Apa yang dilihatnya itu ternyata membuat Fulan kaget. Ia pun terbangun. Dan tak bisa tidur lagi setelahnya. Malam itu ia begadang.
Pagi tiba. Fulan pergi ke tempat jezanah yang ia tinggalkan sebelumnya. Aneh, jenazah itu hilang. Tak ada. Ia mencari kesana kemari. Tak ketemu juga. Akhirnya, ia menemukan ada sebuah kuburan baru. Fulan menduga keras bahwa itulah kuburan yang dilihatnya dalam mimpi semalam.
Kisah ini penulis baca dalam kitab ‘Uyun al-Hikayat karya Ibnu Jauzi. Lewat kisah ini kita bisa mengambil banyak hikmah. Salah satunya adalah jati diri seseorang bisa dilihat dari setiap hal yang ia inginkan.
Terbaca di awal kisah, Fulan ingin sekali bertemu dengan wali abdal. Hingga akhirnya keingiannya tercapai. Keinginan Fulan cenderung bisa digunakan untuk menganalisis dan mengetahui siapa sebenarnya dia. Dari keingiannya itu, bisa ditebak bahwa Fulan adalah juga wali abdal.
Dalam konteks kekinian, kita bisa menebak kualitias orang lain dari tulisan, gambar, atau video yang diunggah di media sosial. Jika ada orang yang sering menulis atau mengunggah berita/isu terkait ekonomi, maka dipastikan ia sedang suka atau memang ahli ekonomi. Begitu juga dengan bidang lain. Politik, kesehatan, agama, dan seterusnya.
Untuk mendapatkan informasi terkait kondisi mental seseorang, cara yang digunakan para ahli adalah dengan mencermati dan meneliti status, catatan, dan apa saja yang dibagikan orang tersebut di akun media sosial mereka. Begitu kurang lebih dilansir BBC News Indonesia.

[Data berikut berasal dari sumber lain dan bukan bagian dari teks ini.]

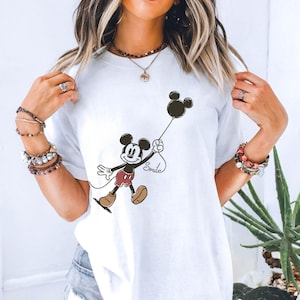 May include: White t-shirt featuring a cartoon Mickey Mouse holding a black balloon with the word "Smile" written below. Mickey is wearing red shorts and brown shoes. The shirt is a casual style.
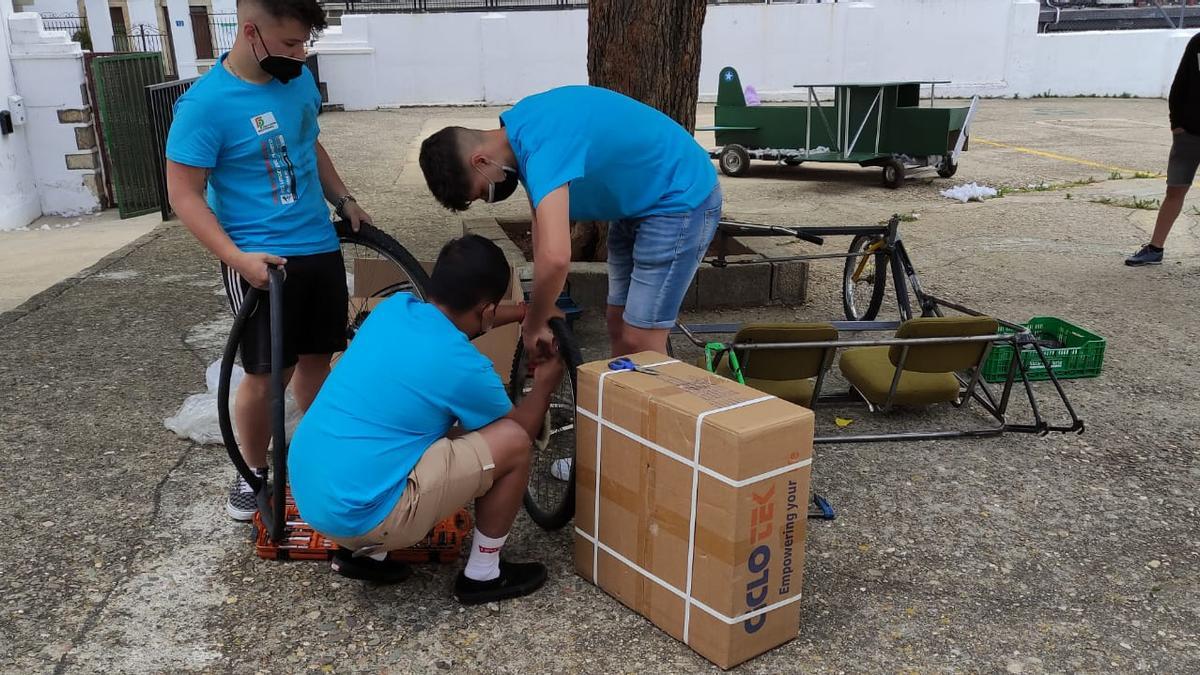 Tres de los alumnos, trabajando en un vehículo.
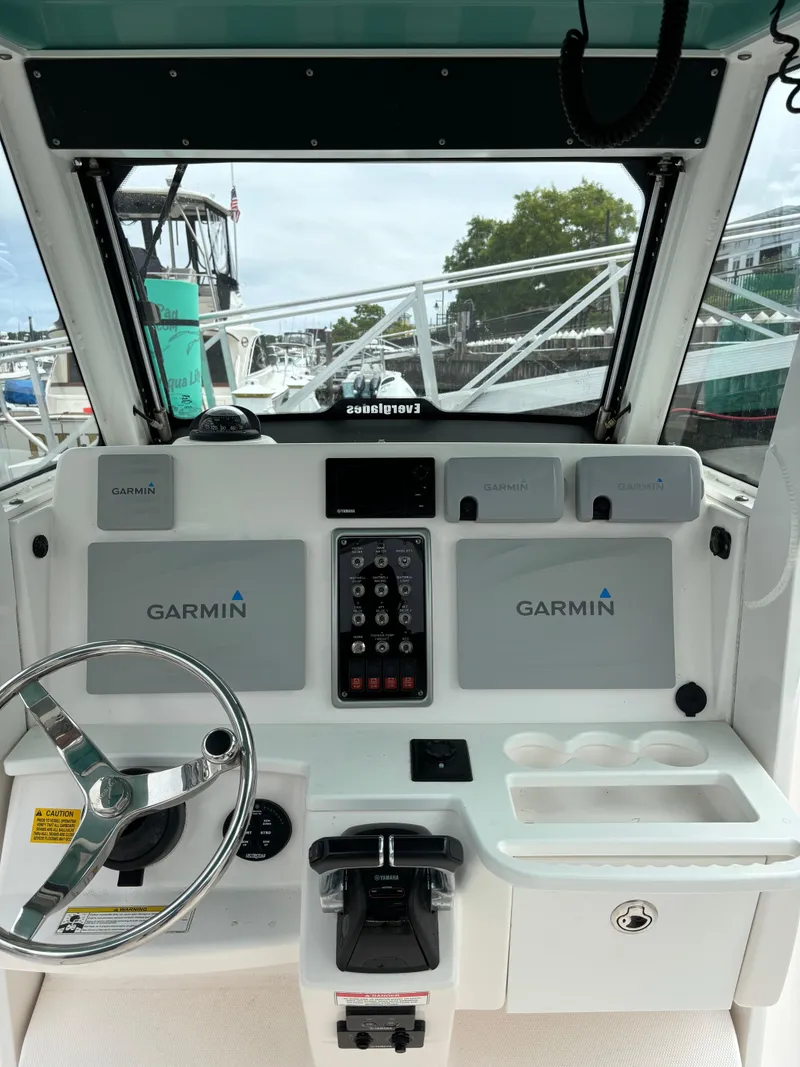 Slide: The Image of 2014 Everglades 295 boat dashboard with Garmin navigation system and steering wheel. - 11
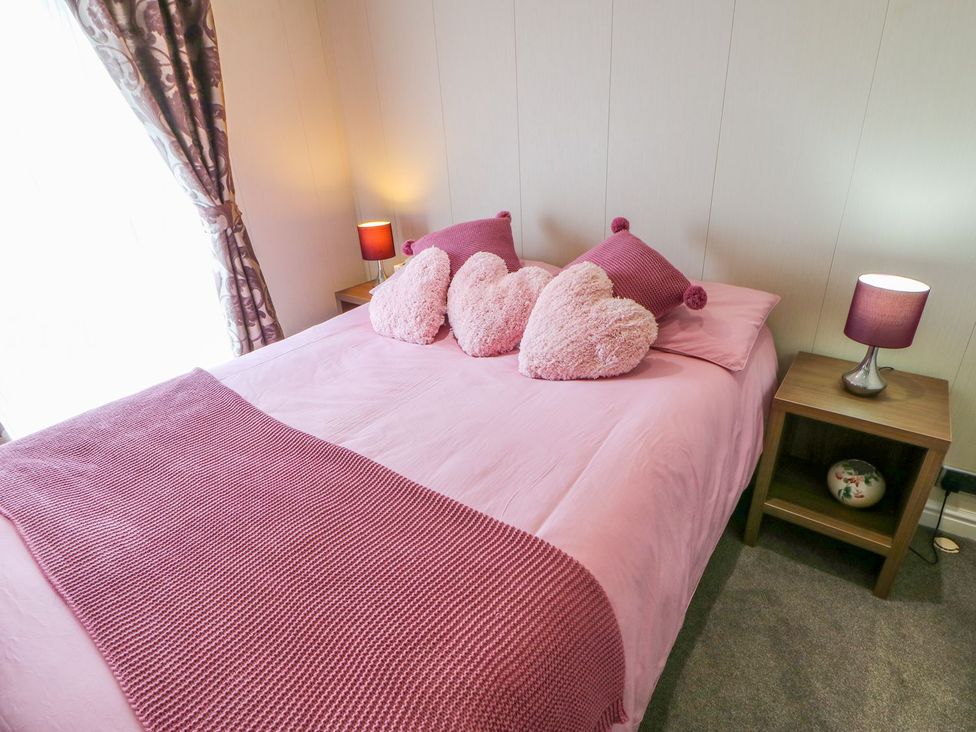 A bedroom with a pink bed and decorative pillows at 37 Horizon Park in Hartlepool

Walhasil, meski tidak sepenuhnya benar, namun apa yang seseorang pikirkan, inginkan, katakan, bagikan/unggah/posting di media sosial, menunjukkan siapa sesungguhnya orang tersebut dan bagaimana kondisi kejiwaan, mental, dan jatidirinya. Itulah mengapa, di beranda, Facebook selalu bertanya, “Apa yang Anda pikirkan?”.
Sumber:
Ibn al-Jauzi, Jamaluddin Abi al-Farj bin. ’Uyun al-Hikayat. Beirut: Dar al-Kutub al-‘Ilmiyah, 2019.